Data in this exercise =
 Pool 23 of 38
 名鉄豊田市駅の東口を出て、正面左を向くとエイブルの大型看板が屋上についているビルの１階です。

* * *

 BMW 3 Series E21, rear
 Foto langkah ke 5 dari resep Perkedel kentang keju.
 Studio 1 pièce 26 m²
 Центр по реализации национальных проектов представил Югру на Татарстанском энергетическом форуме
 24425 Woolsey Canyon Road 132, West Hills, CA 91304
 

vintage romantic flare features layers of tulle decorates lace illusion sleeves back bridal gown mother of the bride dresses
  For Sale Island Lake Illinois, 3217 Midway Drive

Work request =
The response should hold exactly the lines starting at the line with "24425 Woolsey Canyon" and ending at the line with "For Sale Island", and no other line of the material above.

Response to this exercise =
 24425 Woolsey Canyon Road 132, West Hills, CA 91304
 

vintage romantic flare features layers of tulle decorates lace illusion sleeves back bridal gown mother of the bride dresses
  For Sale Island Lake Illinois, 3217 Midway Drive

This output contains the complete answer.